A common complaint from candidates is the lack of urgency or movement from hiring managers which can drag-out the recruitment process. Set the expectation early as some candidates will be interviewing with multiple businesses, and top quality candidates will have a certain timeframe in mind to secure their next position.

Employers can lose-out on top candidates due to their inability to act quickly in the recruitment process. Long waiting periods between interviews and a lack of communication in regards to the next steps in the process are common frustrations faced by candidates.

And finally, agribusinesses often expect candidates to travel to their headquarters for interviews – which is fair – however the sacrifice and effort to make this occur should be respected by the business by ensuring the timeframe they have suggested can be committed to.

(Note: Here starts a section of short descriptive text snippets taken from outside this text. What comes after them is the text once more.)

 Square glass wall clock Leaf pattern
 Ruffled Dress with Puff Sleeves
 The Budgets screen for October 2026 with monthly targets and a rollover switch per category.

If for some reason this is not possible, clear communication of issues can ensure this is smoothed-out. Not everyone can get to an interview where and when it suits the employer, especially for contract or temp roles.

As a general rule, it’s worth putting yourself, as the employer, in the shoes of the candidate.

What are the core components you would need to see from a business to feel comfortable to leave your current position and join a new company or business? Regardless of scale, you would want to see a professional, organised business which is able to clearly outline the expectations of a position, the internal managerial methods and growth expectations of a business.

No matter the position, these are seen as key decision influencers for any candidate. So as your business is filled with current employees who once were potential candidates, reflect and prepare when looking to make your next employment move.